◆ Exercise instructions ◆
Every line below needs to be transcribed without alteration, and no image may be carried over.

◆ Data provided ◆
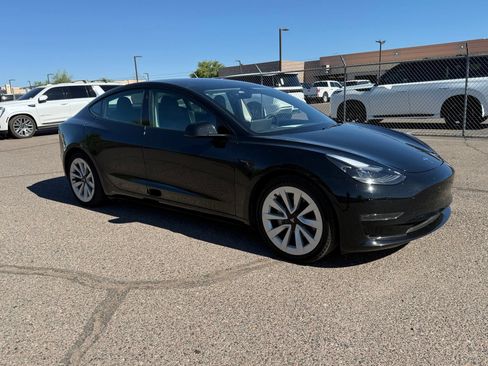 Used 2023 Tesla Model 3 Standard Range RWD image 3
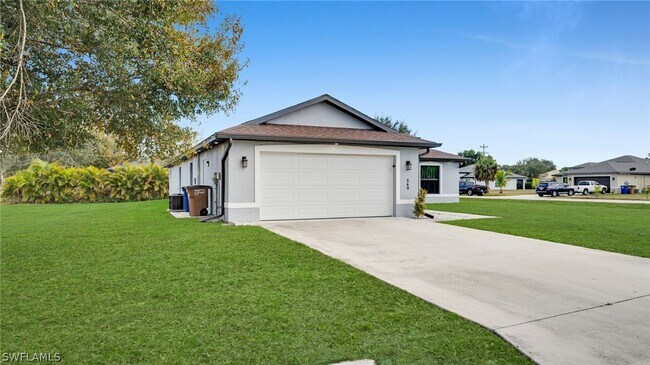 Foto del edificio - 569 Croydon Ave S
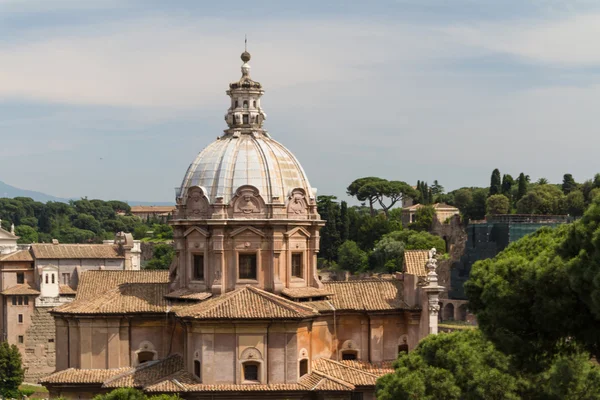 Gran iglesia en el centro de Roma, Italia . —  Fotos de Stock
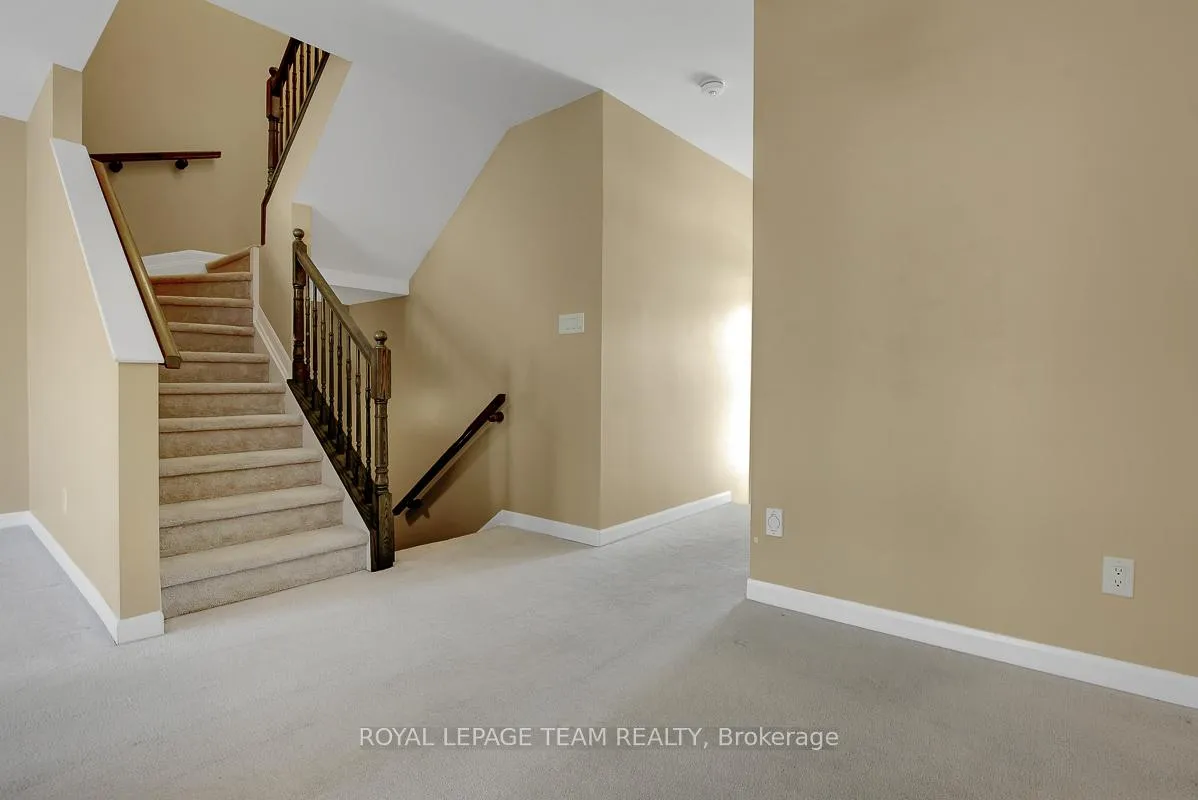 Photo 9 of 545 Decoeur Drive, Ottawa, Avalon West — HOMEH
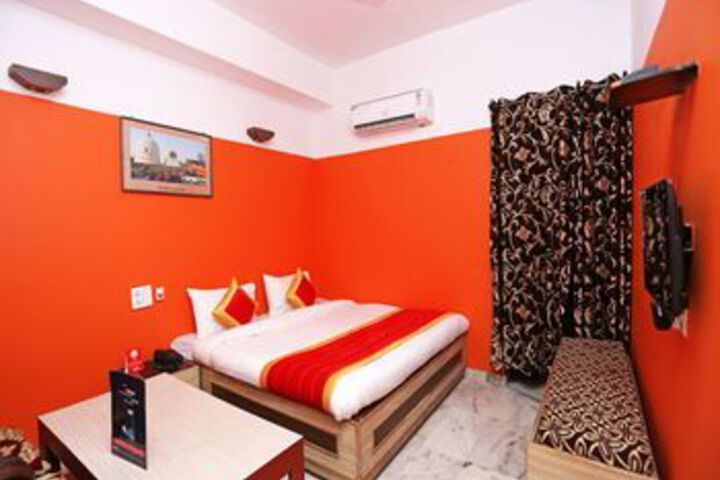 OYO 9044 Hotel Yatrik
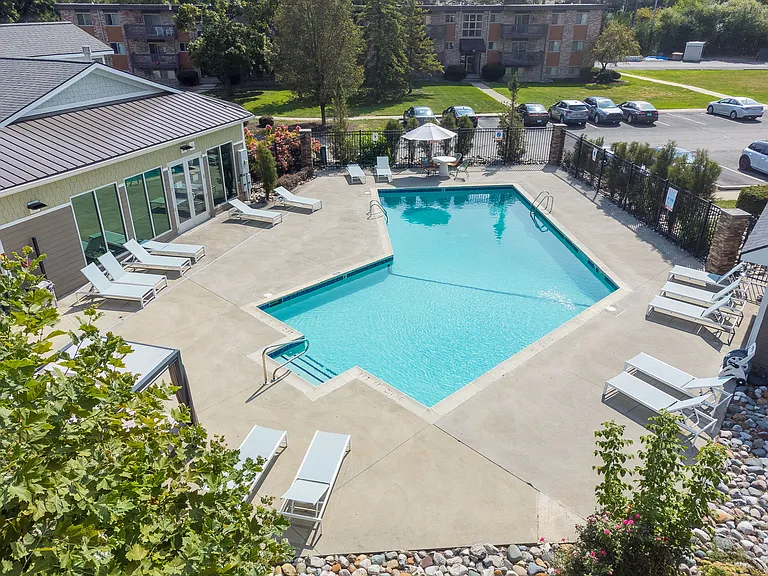 Abbott Pointe Apartments — Photo 12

◆ Task result ◆
 Used 2023 Tesla Model 3 Standard Range RWD image 3
 Foto del edificio - 569 Croydon Ave S
 Gran iglesia en el centro de Roma, Italia . —  Fotos de Stock
 Photo 9 of 545 Decoeur Drive, Ottawa, Avalon West — HOMEH
 OYO 9044 Hotel Yatrik
 Abbott Pointe Apartments — Photo 12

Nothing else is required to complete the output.